Policy Recommendations on the 20th Anniversary of the Einstein Fellowship

Today Albert Einstein Fellows will be visiting the offices of Members of the House of Representatives and the Senate to discuss the importance of having teachers involved in public policy. After the conclusion of our Summit at the Wilson Center, we developed a one page document of policy recommendations to distribute. The text of that document follows.

The Albert Einstein Distinguished Educator Fellows, some of the nation’s leading educators, gathered in Washington, DC on June 28-29, 2010, for a 20th Anniversary Summit.  Hosted by the Woodrow Wilson International Center for Scholars, the Summit brought together more than 80 current and former Einstein Fellows along with distinguished guest speakers from the White House, Federal agencies, national education organizations, and the U.S. Congress.  The goal of the Summit was to generate recommendations to inform and improve science, technology, engineering and mathematics (STEM) education. The Summit covered a variety of educational issues, including national curriculum standards, the Elementary and Secondary Education Act, and educational equity.

Recommendations of the Einstein Fellows:

  • Support initiatives to enable school systems to implement innovative teaching practices in science, technology, engineering, and mathematics (STEM).
  • Increase funding for Pre-K-12 education, especially programs that impact each child as opposed to competitive grants.  Federal funding is vital to the maintenance and development of STEM programs in states and districts.
  • Establish national standards for science education and support provisions in the reauthorization of ESEA that give equal treatment to science as to mathematics and language arts. Science knowledge and skills, as part of a comprehensive STEM approach, are vital for all students and provide 21st Century workforce skills, promote national security and global competitiveness.
  • Include K-12 teachers, such as Einstein Fellows, in the formulation of professional development or curriculum.  The real world experience of classroom teachers is an overlooked asset when new programs are developed.
  • Base school and student assessment on multiple measures and formative assessments.
  • Create and fund a program to place science specialists to teach and coach in elementary schools.  Elementary schools can benefit from the presence of competent STEM teachers who also have skills in working with K-12 students.  They can teach STEM and also model effective strategies as instructional coaches.
  • Support legislation that encourages research-based instruction and teacher training.
  • Support federal programs to purchase science equipment and provide STEM training to teachers at the K-6 grade levels.  This will enable the delivery of inquiry-based, hands-on science experiences.
  • Establish guidelines to ensure all administrators are competent and knowledgeable in STEM education.  Student success and instructional quality depends on strong school leadership.
  • Support initiatives and funding to enable states and districts to lengthen the school day or school year.

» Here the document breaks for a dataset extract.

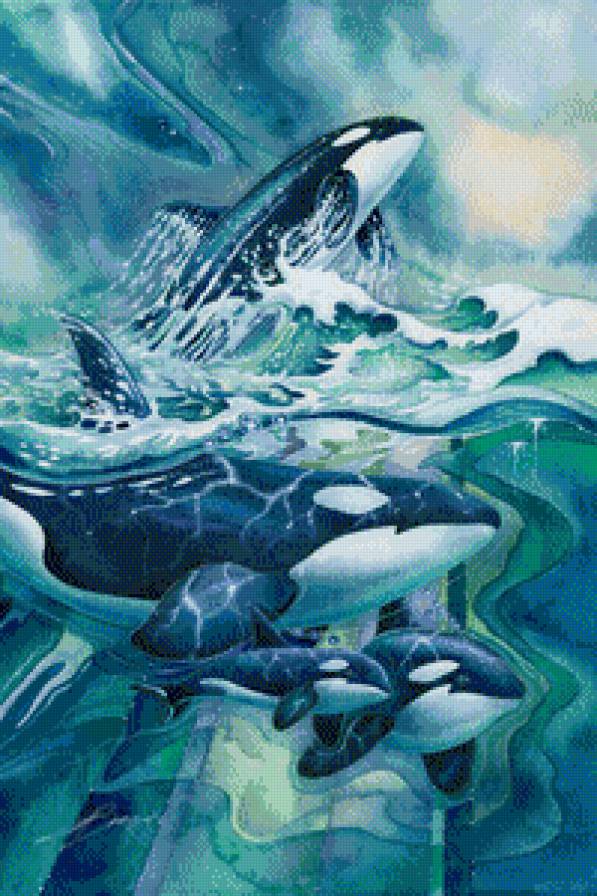 Касатки - морские животные - предпросмотр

Using Psychology to Solve Education Woes

Richard Nisbett authored an opinion piece in the New York Times on February 7, discussing what he saw as common sense approaches to improving education. The piece is not without merits, and is worth reading, but also requires a response:

http://www.nytimes.com/2009/02/08/opinion/08nisbett.html?scp=2&sq=education&st=cse

While I agreed with some of the discussion of psychological effects on testing data and student performance, there were two main issues about this piece that were particularly bothersome to me.

1) Assessment is not learning. The piece discusses “very small influences” that can have “very large effects.” But the majority of the discussion is about psyching kids up to perform on tests. It’s not about instruction, or improving conditions in schools, or protecting student safety. While you don’t want to psychologically harm students through your instructional practices, there are limits to the degree of achievement that can be achieved through changes of perspective and attitude. I’m not opposed to maximizing the benefits of good psychology, I just don’t believe it’s an adequate replacement for fundamental educational improvements.

So now you psyched up all the kids in America to take the tests, they believe that they will succeed. Now, can you convince students that their class is smaller, so they can benefit from that? Can you talk them into believing that their school is safe and well-maintained when it’s not. Can you convince them that their inequitable access to education resources is fair and just? Undoubtedly, techniques such as this will have a negligibly limited effect, like other attempts at gaming the system in the long run,because in time, all schools tend to implement the measures that work to manipulate test data. Once all students are equally persuaded of their test-taking acumen, we need a new way to bridge the achievement gap.

2) Efficiency. We talk a lot about the efficiency of our education dollars, getting the most bang for our buck. But most social services are not effective when optimized for efficiency that is strictly financial. We are not efficient in many other aspects of Federal and State spending, but when it comes to K-12, hairs are split over the tiniest of details. In higher education, they might have to decide between marble and granite for the facade on fitness center. In K-12, we may have to decide that we can only afford one hour a day of instructional assistants in kindergarten classes of 35.

Any discussion of efficiency in education spending needs to occur AFTER a discussion of adequacy and minimums. I believe in many schools, in many districts, we have never provided adequacy, and any talk of being more efficient is premature.

Let’s talk about efficiency. Let’s end waste. Let’s stop wasting the potential in youth that could be achieved with proper investment, and proper attention. The limited resources allocated to some students in this nation, especially the poor, is wasteful and irresponsible.